Input data -

■ ■ ■ ■

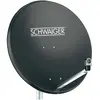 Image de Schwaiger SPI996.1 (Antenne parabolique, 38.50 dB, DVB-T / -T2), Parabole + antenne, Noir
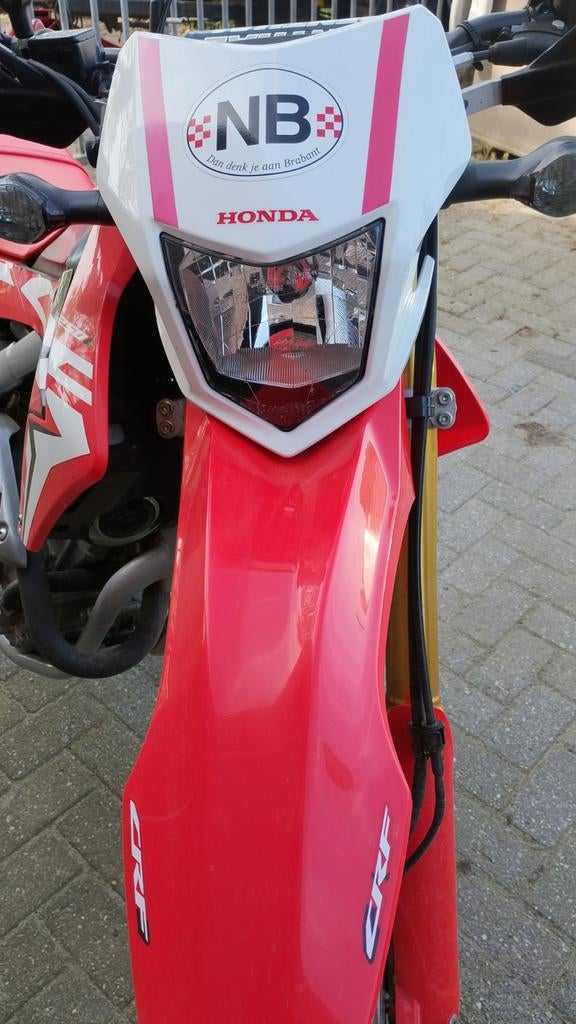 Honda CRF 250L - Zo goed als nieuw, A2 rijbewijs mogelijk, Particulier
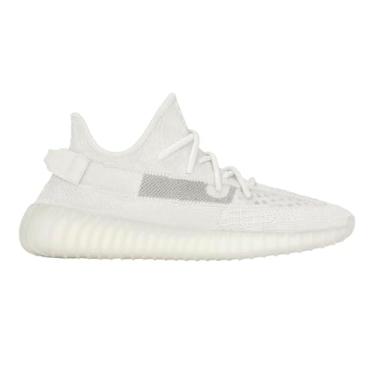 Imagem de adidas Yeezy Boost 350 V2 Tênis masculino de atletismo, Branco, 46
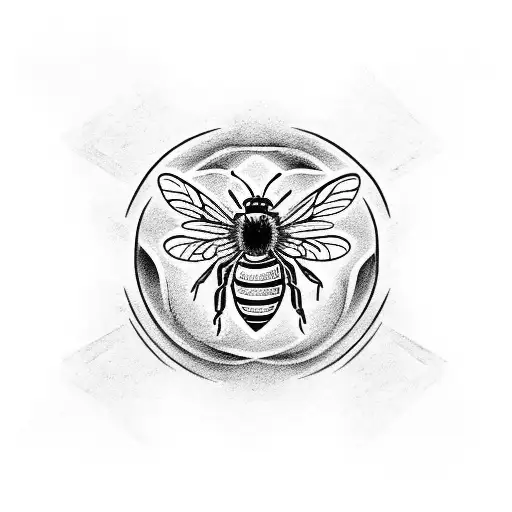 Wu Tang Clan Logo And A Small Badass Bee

■ ■ ■ ■

Please return only the lines from the one holding "Imagem de adidas" through the end of the data, both ends included; do not copy any pictures.

 Imagem de adidas Yeezy Boost 350 V2 Tênis masculino de atletismo, Branco, 46
 Wu Tang Clan Logo And A Small Badass Bee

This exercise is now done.